I'd like to be able to use it functionally off the bat to backup and serve files mostly, but want something that I can slowly scale up to educate myself on/experiment with a wide array of things down the line. I assume there's no all in one option, but I'd like to make sure I have options. I'd like headroom for a bunch of self hosted services, to experiment with different OS and software and ultimately to learn how to create some tools of my own to help either with work (IT management for a small org) or just to have fun and mess around with. And like I said deep learning is endlessly interesting to me, but I think that's pretty far down the like atm.

[–] datahoarderguy70@alien.top 1 points 11 months ago (1 children)

I did some Googling and the general consensus seems to be stay away from the Chinese boards, while some have no issues, many have and don't recommend them. I guess my question is why go with x99 at all? The technology seems to be almost 10 years old yet they seem to have a pretty large fanbase and are regarded as reliable workhorse motherboards. Are you looking for a dual CPU high core count solution? What is your budget? Is power consumption important? Have you looked into AMD EPYC solutions? What kind of case do you have in mind?

[–] Trashrascall@alien.top 1 points 11 months ago

Yeah maybe that's why they caught my attention. Money is certainly an object but I'm willing to piece it together slowly over time. Pretty much can only spend a few hundred bucks at a given moment before I need to wait for either a paycheck or a great deal, and really can't justify dropping thousands on a setup, but I also don't want to cheap out. I have plenty of storage (24tb in 4tb enterprise drives and then another 10 or so handful of other 1tb) but nothing else yet. I have a couple great deals on large eatx cases with tons of drive Bays. Thinking I might as well go big if I have the space (also it seems more cost effective to go with the lff boards). And yes I was at least initially thinking a dual cpu setup would be ideal, but seems there are a lot of mixed feelings about that so im less sure on that tbh. Looked at xeons mostly, but I do see/hear the epycs are great. I'll do some research on what's in my price range there today. Thanks for replying btw!

[–] cruzaderNO@alien.top 1 points 11 months ago (1 children)

These days a barebones r730 or dl380 gen9 will often be cheaper than a generic chinese x99 board. (Barebone/CTO is generaly only missing cpu/ram/storage)

Uses the same typical e5-2600v4/ddr4 with sas hba+nic usualy included since they are specific to server.

And you then get psus,case,heatsinks,fans etc also included.

Buying a board and building is the expensive route, its usualy not taken unless you got nowhere to stash the noisy rack option.

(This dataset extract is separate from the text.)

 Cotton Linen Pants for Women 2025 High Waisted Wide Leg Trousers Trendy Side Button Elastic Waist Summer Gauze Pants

[–] Trashrascall@alien.top 1 points 11 months ago

Well I got no rack unfortunately so space is a concern. Plus my gf is very sound sensitive. I would Der be looking at the used. Market for everything but the board probably. Although there is a 720 with cpus and 64gb ecc for 120 at my local pawn shop. But they have "no idea where it came from" which makes me nervous.

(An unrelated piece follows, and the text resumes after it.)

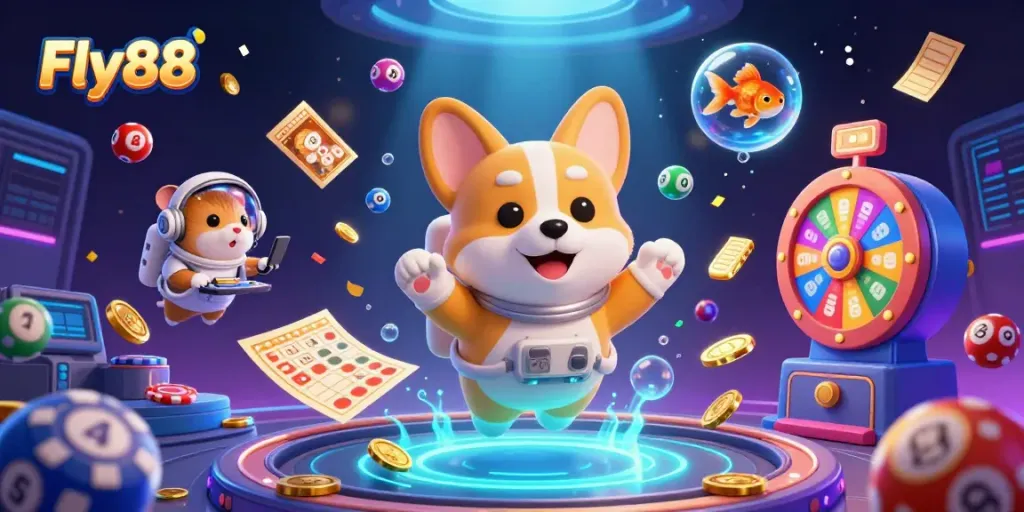 Join the excitement at Fly88 with a unique casino experience featuring a charming corgi and colorful prizes.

[–] MrB2891@alien.top 1 points 11 months ago

For what you're doing, I would suggest that you're running a home server, not a home lab.

And with your workload, I would take a i3 12100 or a 13500 well before I stepped back in time to now almost decade old processors.

Empirical data; I went from dual 2660v4's to a 12600k (now a 13500) and have better performance in every single metric, while also having the best transcoder for Plex (UHD 770), while saving $30/mo on my electric bill (200kwh/mo for the 2660v4's, 80kwh/mo for the 13500 which is doing more with more disks than the 2660v4's ever did).